The differing behavior between the disks is due to the difference in the default umask between the two filesystems (NTFS and ExFAT) on Linux. For NTFS-3G, the default umask is 0000; for ExFAT it’s the umask of the current process (likely 0022).
These are mask values and are applied at file or directory creation time. For example, for a directory which would be created with 0777 permissions (read, write, execute for everyone) on a file system with a umask of 0022, the effective permissions would be 0755 (read, write, execute for the owner, read and execute for group members and others).
This corresponds with what you’re seeing above; your NTFS disks are mounted with effective permissions of 0777 (0777 - 0000) while your ExFAT disk is mounted with effective permissions of 0755 (0777 - 0022).
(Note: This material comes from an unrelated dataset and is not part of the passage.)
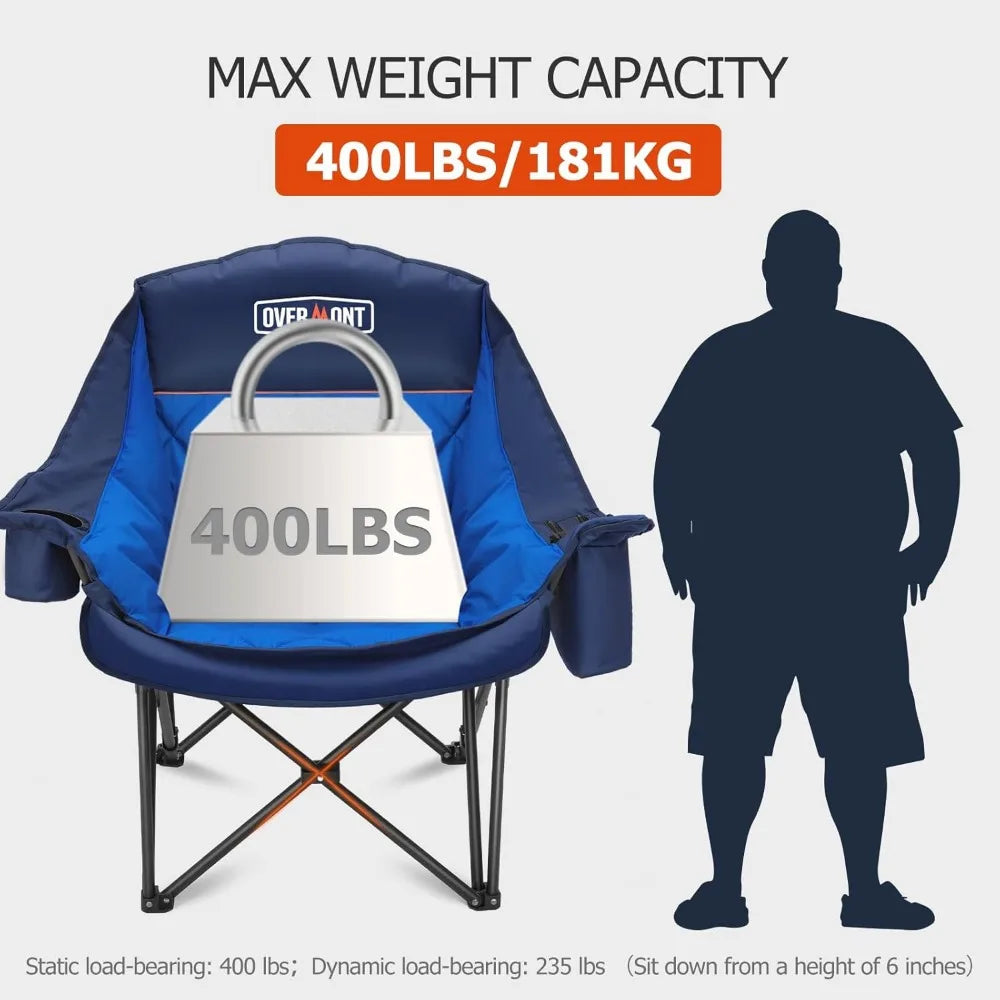 Heavy Duty Padded Folding Camping Chair 450 Lbs Capacity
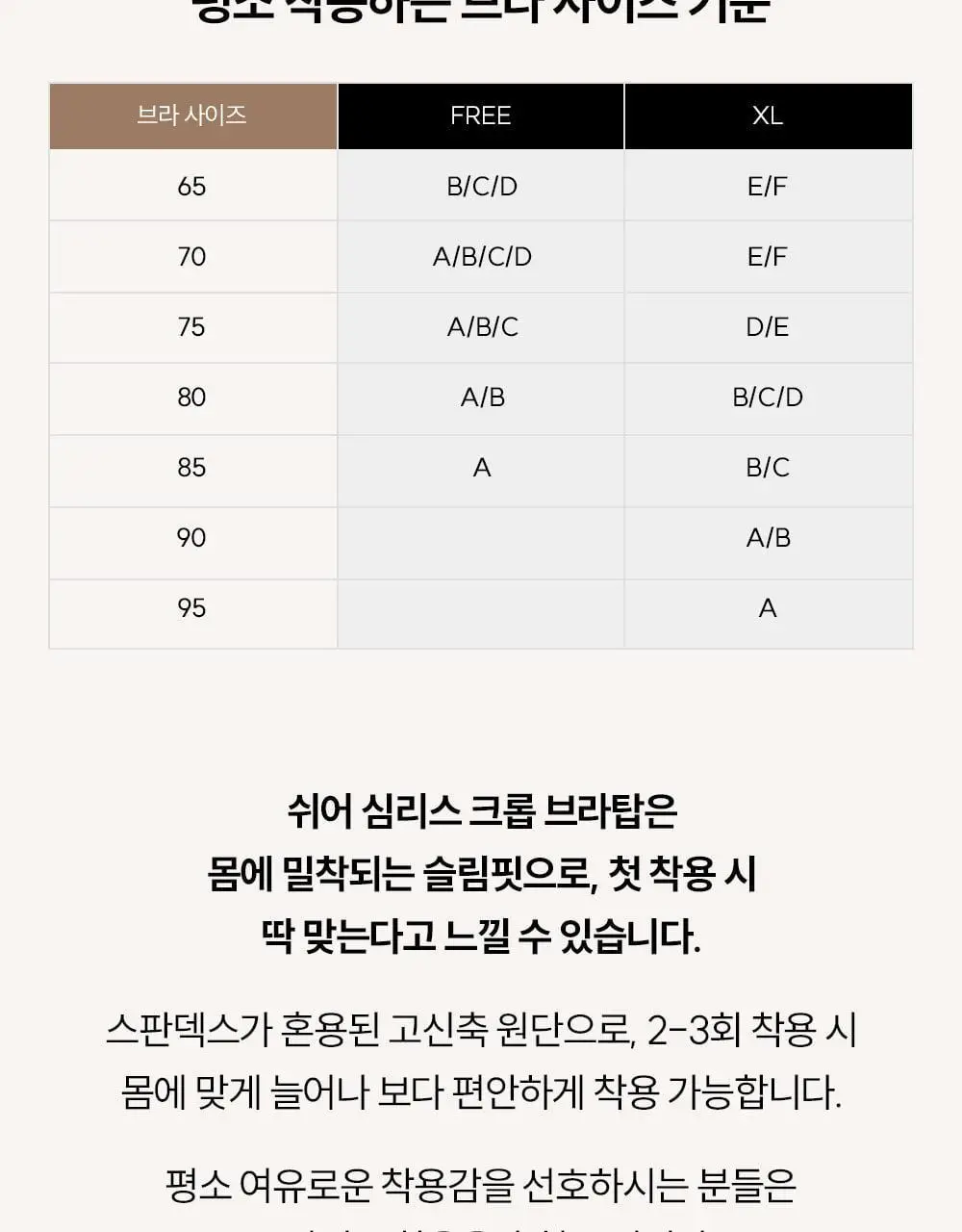마른파이브 쉬어 V넥 브라탑 크롭 슬림핏 4colors (블랙/브라운/머스타드/베이지) 상세페이지 48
The easiest way to “fix” this if you want the behavior of your ExFAT disk to match that of the NTFS disks is to mount it with a umask of 0000. To do this, you’d add the umask option to your mount options. Something like:
UUID=619D-E596 /disks/hddrive3 auto nosuid,nodev,nofail,umask=0000,x-gvfs-show 0 0
A more nuanced approach than making the disk world-writeable would be to give ownership of the mount to a specific user and group, and then use that user and group to manage the content of the disk. You can set ownership with the uid and gid mount options. In combination with the umask option:
UUID=619D-E596 /disks/hddrive3 auto nosuid,nodev,nofail,uid=your_user,gid=your_user,umask=0002,x-gvfs-show 0 0
This would give ownership to your user and group and allow that user and group read, write, and execute permissions. Others could only read/execute.
But, again, the easy solution would be the first one and just make it world-writeable; your NTFS disks already are and it would certainly ease management from a Windows system.